CREATE TABLE LINEITEM_P (l_orderkey INT8, l_partkey INT8, l_suppkey INT8, l_linenumber INT8,
l_quantity FLOAT8, l_extendedprice FLOAT8, l_discount FLOAT8, l_tax FLOAT8, l_returnflag TEXT, l_linestatus TEXT,
 l_commitdate DATE, l_receiptdate DATE, l_shipinstruct TEXT, l_shipmode TEXT, l_comment TEXT)
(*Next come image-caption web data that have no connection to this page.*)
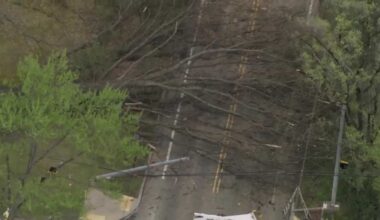 Tree falls on Peebles Road in McCandless, Pennsylvania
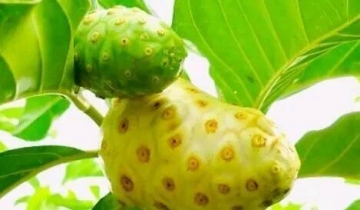 诺尼果的食用方法及诺尼果的作用和功效介绍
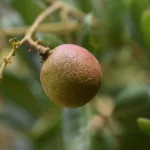 13 Best Health Benefits of Longans for Women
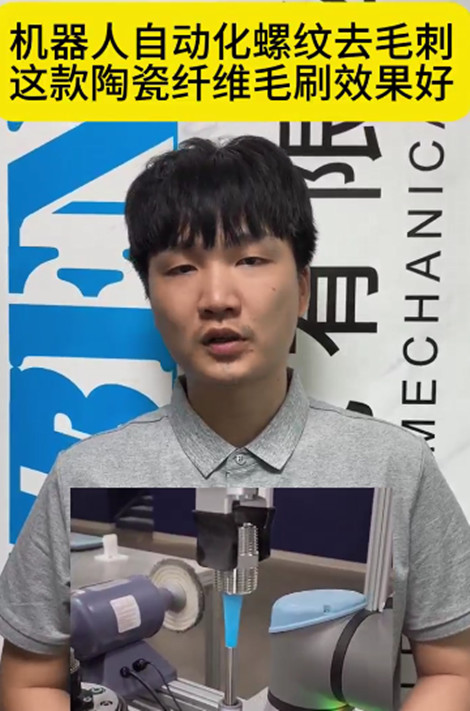 锐必克陶瓷纤维研磨刷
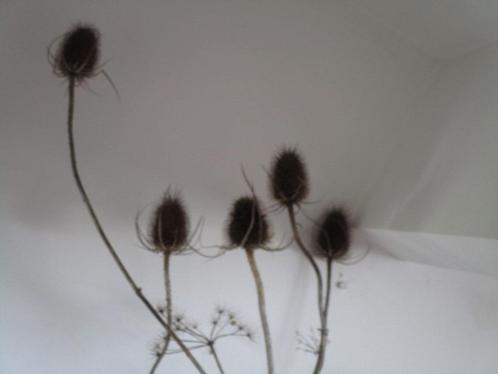 Nr.24: Droogbloemen takken Kaardebol en bereklauw grote tak, Huis en Inrichting, Woonaccessoires | Overige, Nieuw, Ophalen of Verzenden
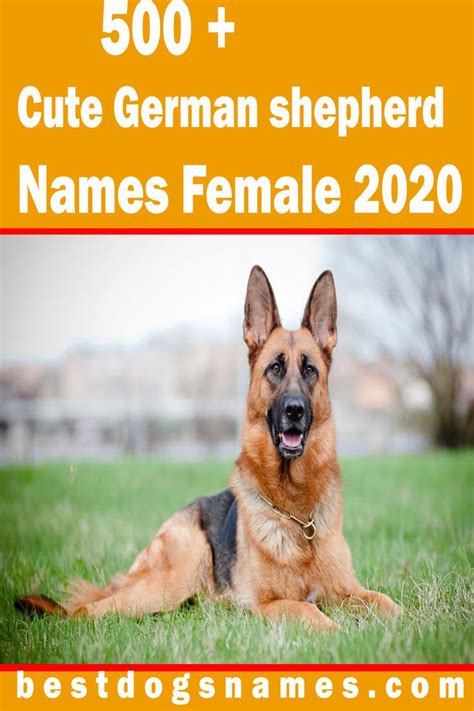 Strong Dog Names For German Shepherds Plabor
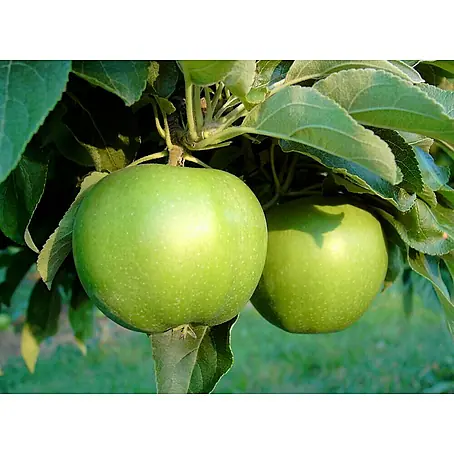 Apfelbaum Granny Smith Compact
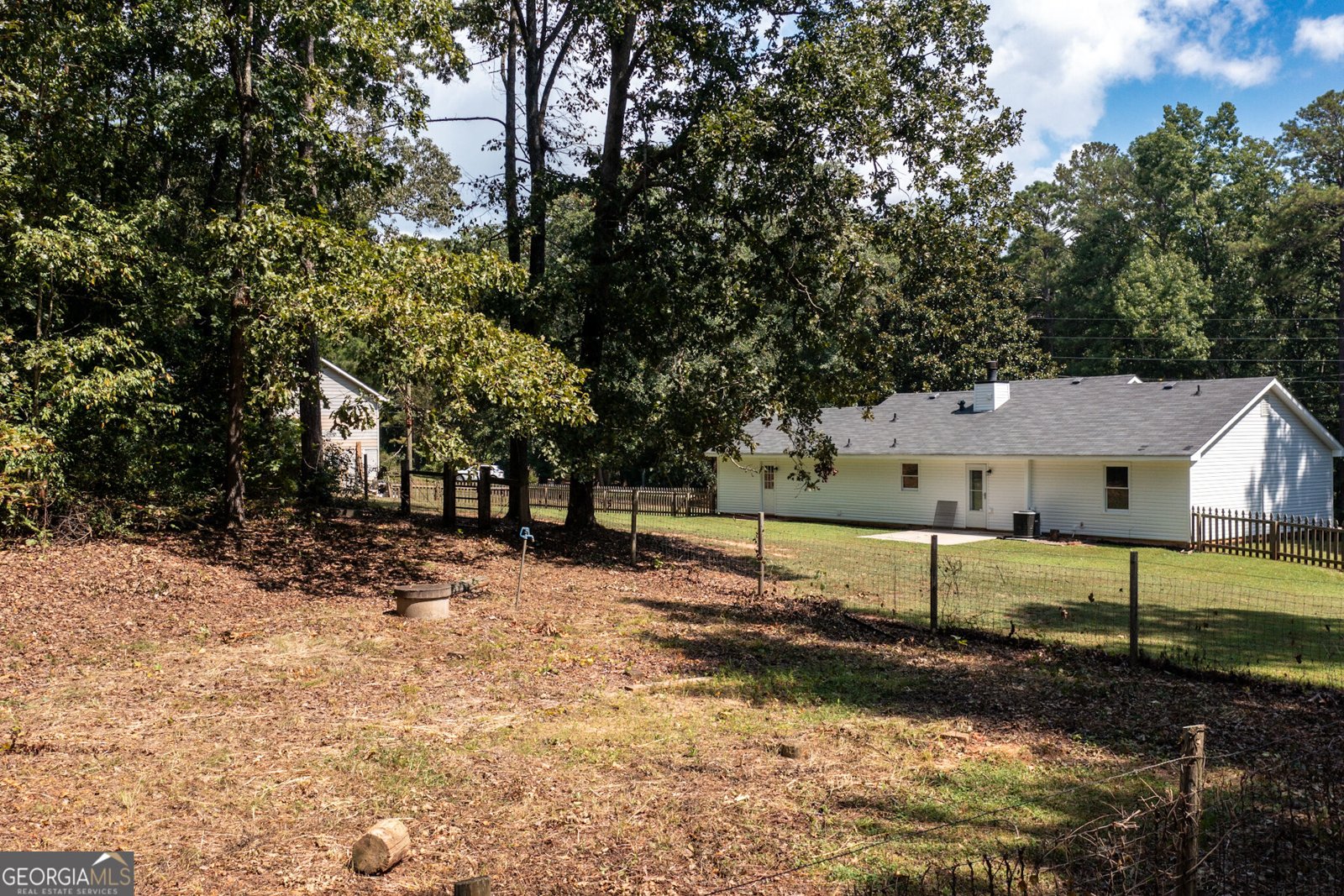 117 Hardy Road Senoia - Photo 15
  USING TEXT WITH ('text.delimiter'='|')
  PARTITION BY COLUMN(l_shipdate text);

insert overwrite into LINEITEM_P
SELECT L_ORDERKEY, L_PARTKEY, L_SUPPKEY, L_LINENUMBER, L_QUANTITY, L_EXTENDEDPRICE, L_DISCOUNT, L_TAX, L_RETURNFLAG, L_LINESTATUS, L_COMMITDATE, L_RECEIPTDATE, L_SHIPINSTRUCT, L_SHIPMODE, L_COMMENT, L_SHIPDATE FROM LINEITEM;
{code}
* Result partitions number are normal.


> Insert clause to partitioned table fails on S3
> ----------------------------------------------
>
>                 Key: TAJO-1905
>                 URL: https://issues.apache.org/jira/browse/TAJO-1905
>             Project: Tajo
>          Issue Type: Sub-task
>          Components: QueryMaster, S3
>            Reporter: Jinho Kim
>            Assignee: Jaehwa Jung
>             Fix For: 0.12.0
>
>
> Here is the error log
> {noformat}
> 2015-10-02 18:54:40,399 ERROR org.apache.hadoop.fs.s3a.S3AFileSystem: rename: src not found s3a://bucket/tpch-1g-p/lineitem/.staging/q_1443779192380_0001/RESULT/l_shipdate=1996-01-30
> 2015-10-02 18:54:51,357 ERROR org.apache.hadoop.fs.s3a.S3AFileSystem: rename: src not found s3a://bucket/tpch-1g-p/lineitem/.staging/q_1443779192380_0001/RESULT/l_shipdate=1993-11-09
> 2015-10-02 18:55:03,955 ERROR org.apache.tajo.querymaster.Query: No such file or directory: s3a://bucket/lineitem/l_shipdate=1994-02-02
> java.io.FileNotFoundException: No such file or directory: s3a://bucket/tpch-1g-p/lineitem/l_shipdate=1994-02-02
> at org.apache.hadoop.fs.s3a.S3AFileSystem.getFileStatus(S3AFileSystem.java:996)
> at org.apache.hadoop.fs.s3a.S3AFileSystem.getFileStatus(S3AFileSystem.java:77)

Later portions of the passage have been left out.